**WORK REQUEST**
Beginning with the line that contains "Olive Green Rib Panel Quarter Zip Jumper", reproduce every line through the end of the records below exactly, and leave the pictures out.

Records from a data collection:
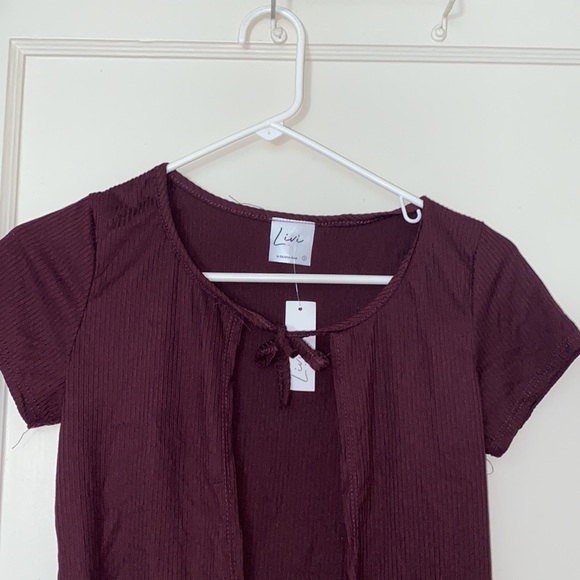 nwt livi by olivia rae red wine short sleeve cardigan size: S - Picture 2 of 8
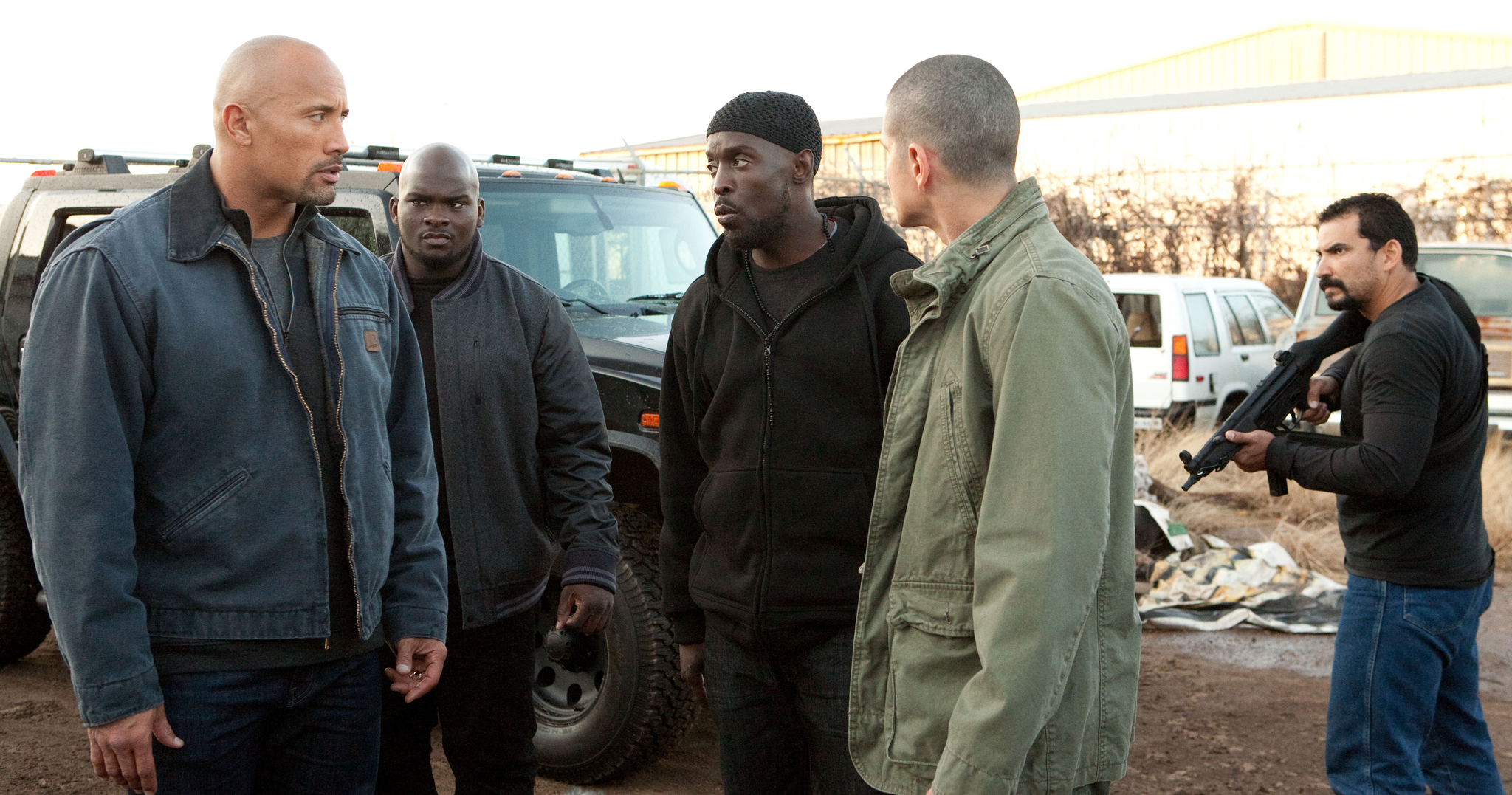 Still of Dwayne Johnson, Michael Kenneth Williams and Jon Bernthal in Snitch (2013)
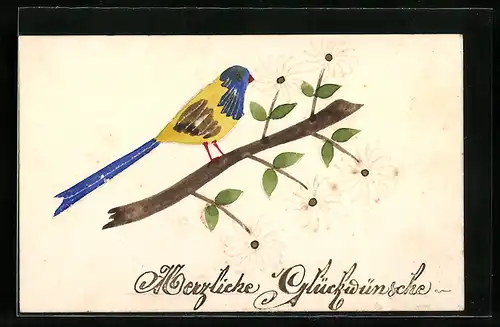 Papierkunst-AK Schöner Vogel auf einem gezeichneten und geklebtem Ast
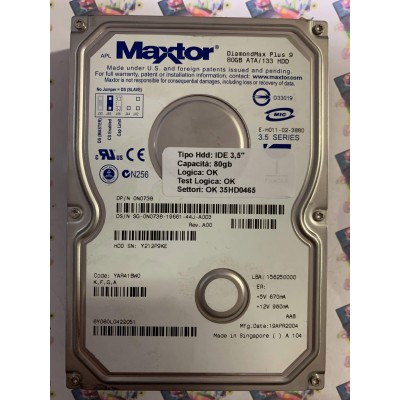 Hard Disk Usato Funzionante 100% Ok IDE 3,5" 80GB MAXTOR 6Y080L0 6Y080L0422051 YAR41BW0 19 APR 2004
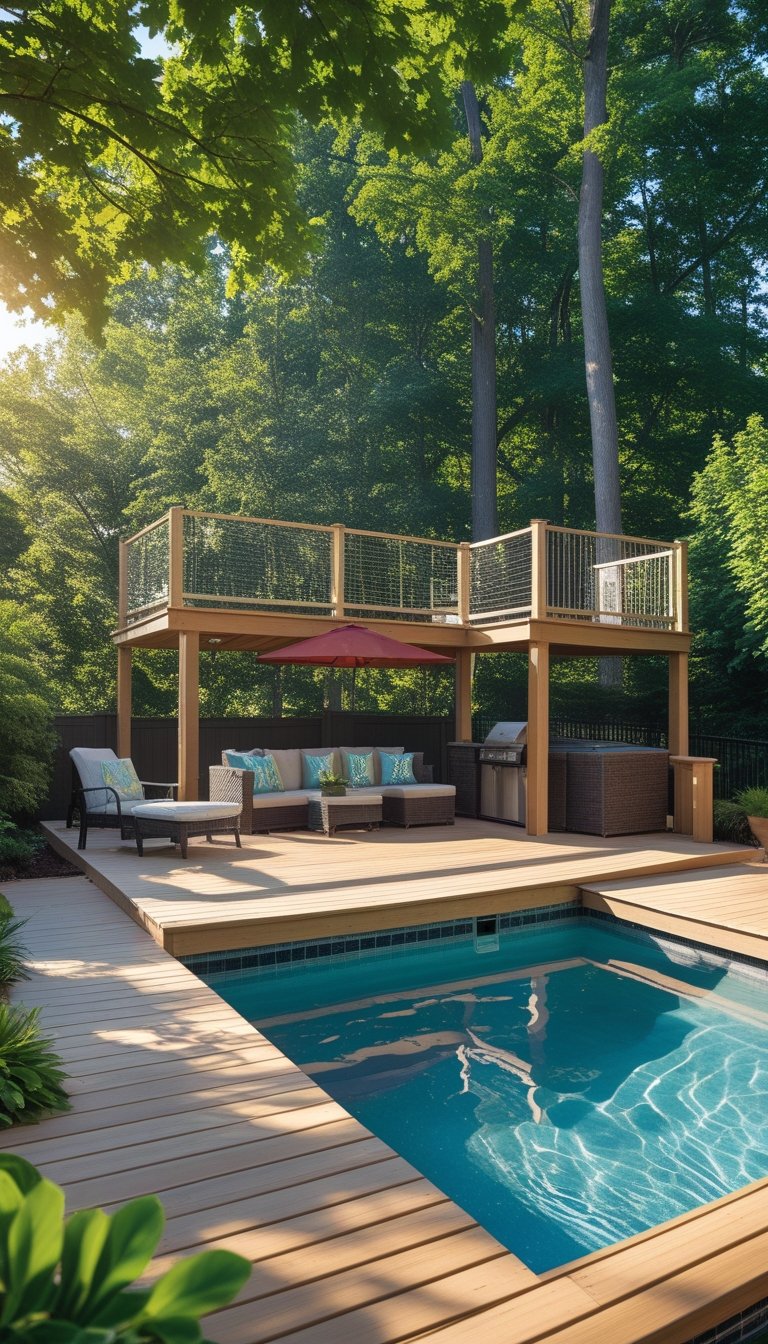 An elevated wooden pool deck with lounge chairs and an umbrella next to an above ground pool surrounded by trees and greenery.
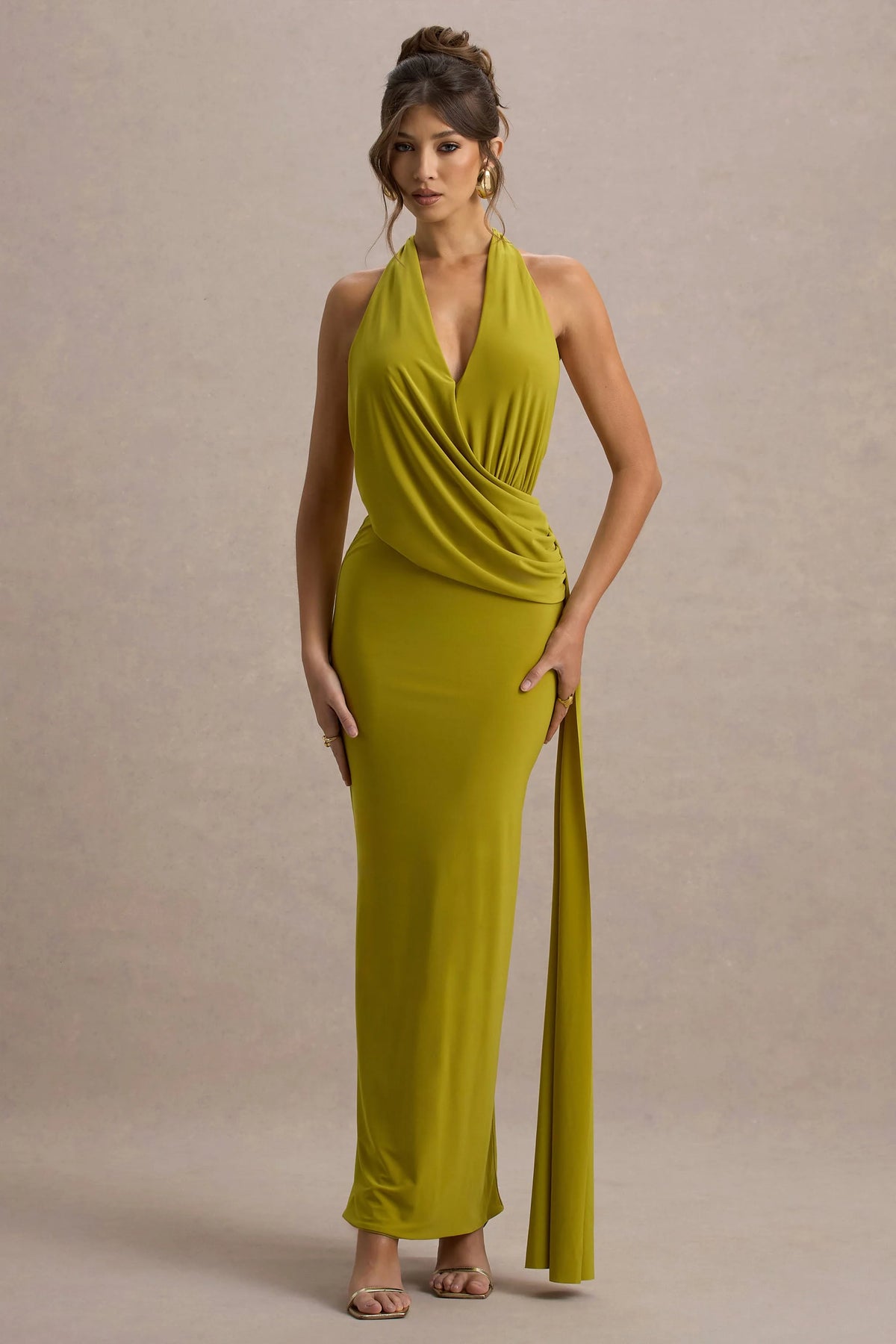 Rosina | Green Halter-Neck Draped Maxi Dress With Sash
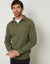 Olive Green Rib Panel Quarter Zip Jumper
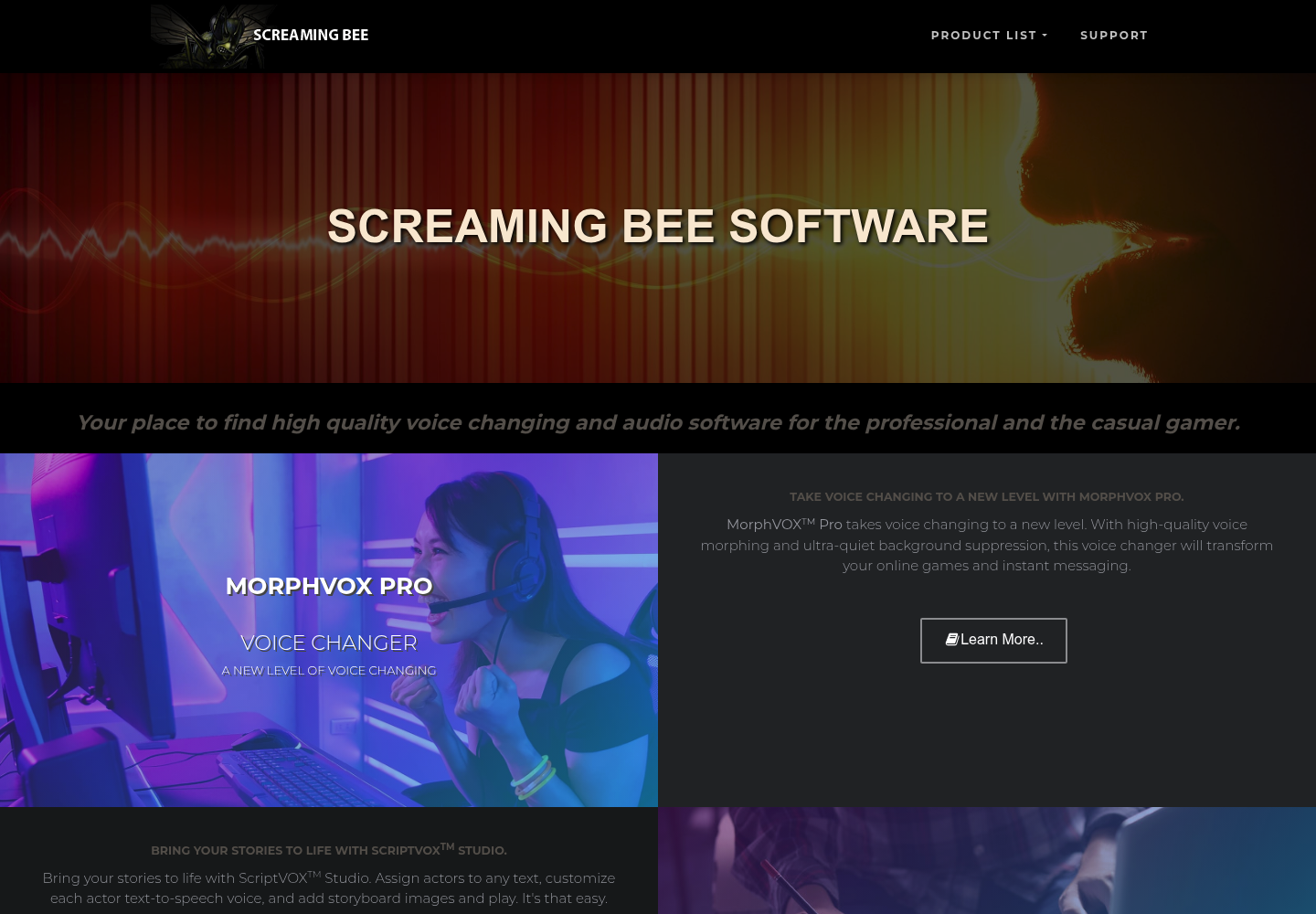 Screaming Bee website screenshot
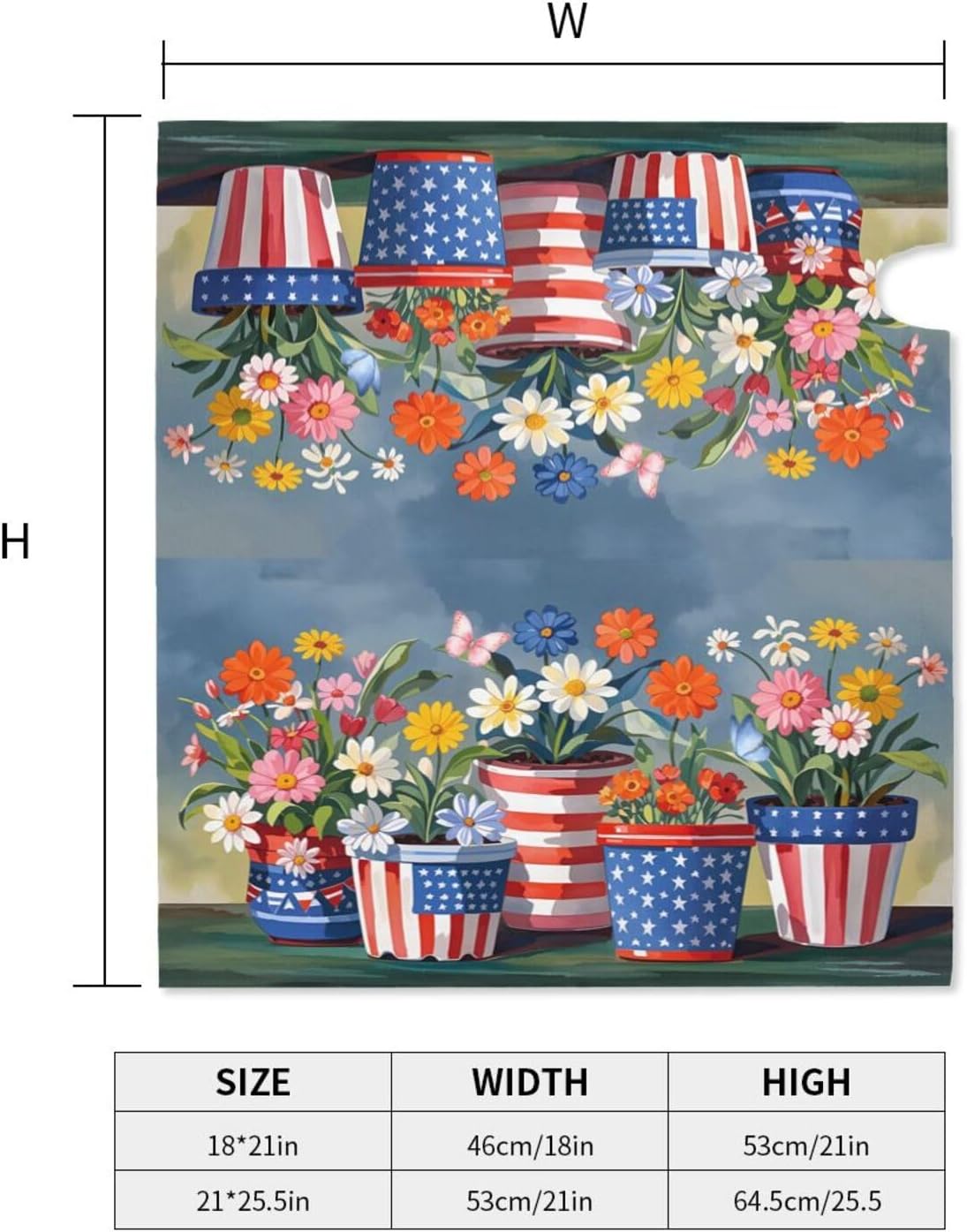 Independence Day Mailbox Covers, Summer Flowerpot Large Size Magnetic Mailbox Cover, July 4th Patriotic 25.1x21 Inch Post Letter Box Case for Outside Decor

**ANSWER TO THE EXERCISE**
 Olive Green Rib Panel Quarter Zip Jumper
 Screaming Bee website screenshot
 Independence Day Mailbox Covers, Summer Flowerpot Large Size Magnetic Mailbox Cover, July 4th Patriotic 25.1x21 Inch Post Letter Box Case for Outside Decor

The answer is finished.